前田 正宪 Masanori MAEDA

2023.5.13 – 7.9

上海

電子カタログ

On a stormy afternoon, I turned on the TV alone and watched the movie “Drive my car” adapted from Haruki Murakami’s short story on Netflix. Those who survive are always missing those who left. We love someone and betray them while loving them. The dialogue in the movie was trenchant which moved the audience. I don’t know if this trenchancy comes from the author, playwright, or director. Anyway, I plan to review the original work before reading his new work.

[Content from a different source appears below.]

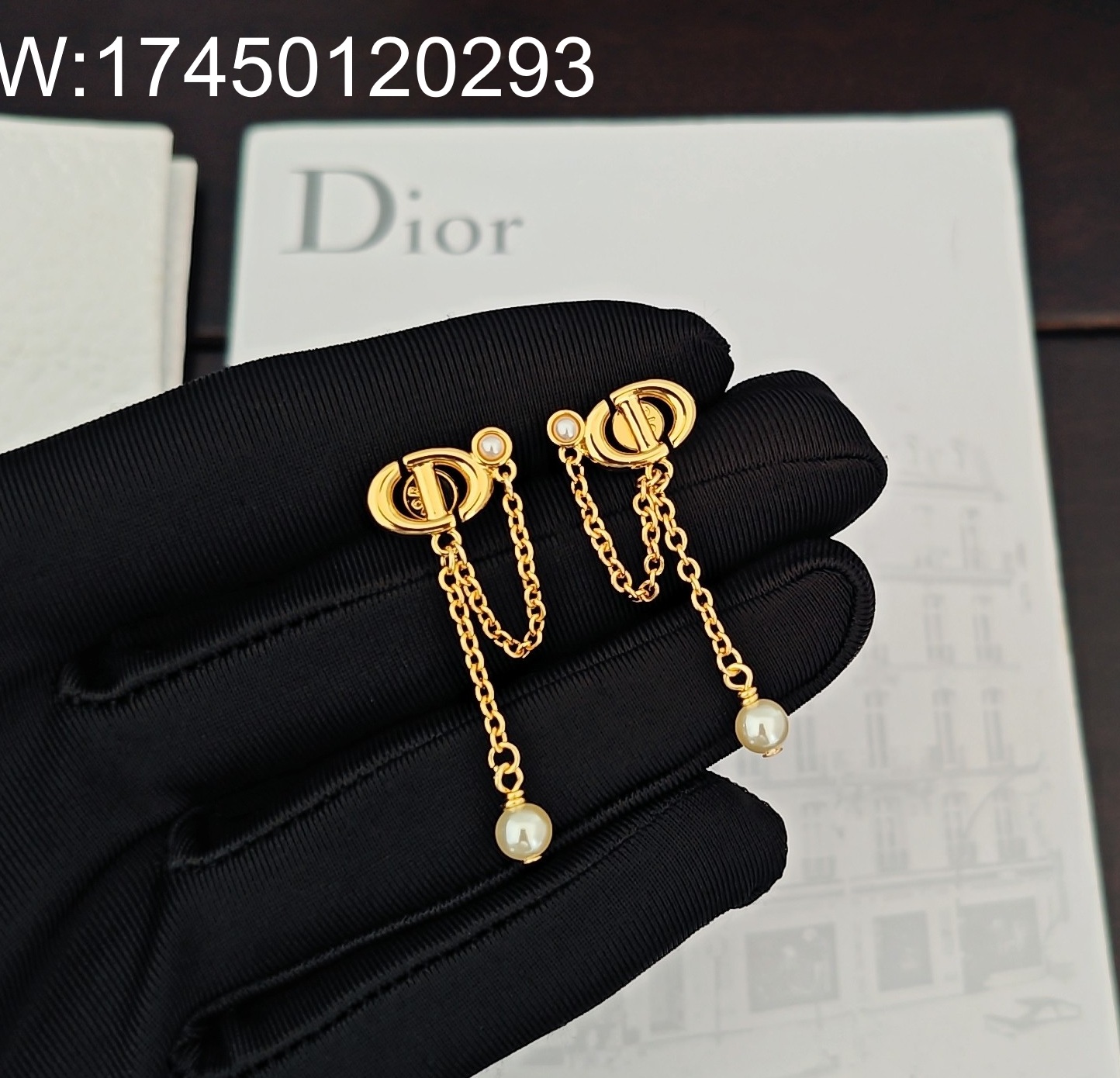 AGG 디올 CD 태슬 귀걸이 골드 신주소재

In daily life, we are always hurt by the closest people. Everything is changing, and the uncertainty makes us uneasy and anxious. The more you trust, the more you care, so the wounds that don’t bleed are hidden deep and unknown. There are always endless sequins on the carpet of the room, but no one wants to reveal that secret because even so they don’t want to lose. Many uncertainties come together to generate one certainty, and perhaps some things have already slowly passed away. I stubbornly stood still, unwilling to take my own path, but turned around and see you gazing in the distance. Standing alone in the blue sky after the storm, a very short rainbow suddenly appeared in front of me. I was not surprised by the rainbow after the rain, but I disliked that the shape of the rainbow was not perfect enough and the time it stayed was not long enough.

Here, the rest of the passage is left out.